[Opening INFORMATION SUPPLIED section]

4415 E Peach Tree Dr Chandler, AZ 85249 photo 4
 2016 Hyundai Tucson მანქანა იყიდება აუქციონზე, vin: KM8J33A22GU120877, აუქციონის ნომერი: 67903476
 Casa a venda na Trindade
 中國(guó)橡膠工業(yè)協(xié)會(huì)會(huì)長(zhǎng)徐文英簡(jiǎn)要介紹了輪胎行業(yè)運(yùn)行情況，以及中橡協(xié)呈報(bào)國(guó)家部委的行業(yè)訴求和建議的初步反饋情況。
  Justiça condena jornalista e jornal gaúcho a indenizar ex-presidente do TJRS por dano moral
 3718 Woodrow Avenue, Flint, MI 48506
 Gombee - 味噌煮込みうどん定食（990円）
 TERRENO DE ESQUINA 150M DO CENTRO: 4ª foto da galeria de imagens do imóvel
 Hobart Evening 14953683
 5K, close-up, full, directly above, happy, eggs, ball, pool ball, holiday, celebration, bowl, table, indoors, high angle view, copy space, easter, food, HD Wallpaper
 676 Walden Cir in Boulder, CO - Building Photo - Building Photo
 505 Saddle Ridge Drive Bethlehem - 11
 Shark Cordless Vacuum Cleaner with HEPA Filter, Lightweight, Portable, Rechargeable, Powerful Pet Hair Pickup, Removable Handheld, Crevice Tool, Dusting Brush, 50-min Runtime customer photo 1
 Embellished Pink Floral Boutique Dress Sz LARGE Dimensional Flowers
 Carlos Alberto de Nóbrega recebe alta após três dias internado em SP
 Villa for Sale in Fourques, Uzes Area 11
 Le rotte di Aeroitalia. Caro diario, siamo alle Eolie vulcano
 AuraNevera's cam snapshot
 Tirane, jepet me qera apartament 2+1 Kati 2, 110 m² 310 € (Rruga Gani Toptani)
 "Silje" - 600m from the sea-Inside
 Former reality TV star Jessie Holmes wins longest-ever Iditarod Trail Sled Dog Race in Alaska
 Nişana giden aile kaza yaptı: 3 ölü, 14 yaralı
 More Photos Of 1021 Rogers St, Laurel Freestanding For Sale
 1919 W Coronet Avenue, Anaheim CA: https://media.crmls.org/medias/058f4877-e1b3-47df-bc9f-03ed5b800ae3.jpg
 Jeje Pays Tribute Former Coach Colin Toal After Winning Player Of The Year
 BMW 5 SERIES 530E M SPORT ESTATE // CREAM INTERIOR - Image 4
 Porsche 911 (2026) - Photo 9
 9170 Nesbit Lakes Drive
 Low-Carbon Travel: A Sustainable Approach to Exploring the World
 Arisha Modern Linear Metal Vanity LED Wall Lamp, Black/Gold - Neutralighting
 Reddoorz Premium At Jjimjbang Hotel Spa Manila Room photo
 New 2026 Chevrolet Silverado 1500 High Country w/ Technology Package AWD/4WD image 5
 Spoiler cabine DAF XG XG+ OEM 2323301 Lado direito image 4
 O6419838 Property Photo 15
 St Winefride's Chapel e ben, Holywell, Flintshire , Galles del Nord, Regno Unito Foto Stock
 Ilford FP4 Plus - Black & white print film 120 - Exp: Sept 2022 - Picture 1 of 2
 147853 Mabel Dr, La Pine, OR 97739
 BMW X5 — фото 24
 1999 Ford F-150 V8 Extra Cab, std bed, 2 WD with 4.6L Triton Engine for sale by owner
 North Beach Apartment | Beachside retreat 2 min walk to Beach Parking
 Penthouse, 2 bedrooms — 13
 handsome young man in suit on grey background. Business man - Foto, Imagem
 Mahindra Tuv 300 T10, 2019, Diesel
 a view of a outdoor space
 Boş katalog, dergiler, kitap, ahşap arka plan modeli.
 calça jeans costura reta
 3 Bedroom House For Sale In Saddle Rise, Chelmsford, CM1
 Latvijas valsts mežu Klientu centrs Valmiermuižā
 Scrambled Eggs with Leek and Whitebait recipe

[Closing INFORMATION SUPPLIED section]

Report all lines of the data that include the word "Former".

 Former reality TV star Jessie Holmes wins longest-ever Iditarod Trail Sled Dog Race in Alaska
 Jeje Pays Tribute Former Coach Colin Toal After Winning Player Of The Year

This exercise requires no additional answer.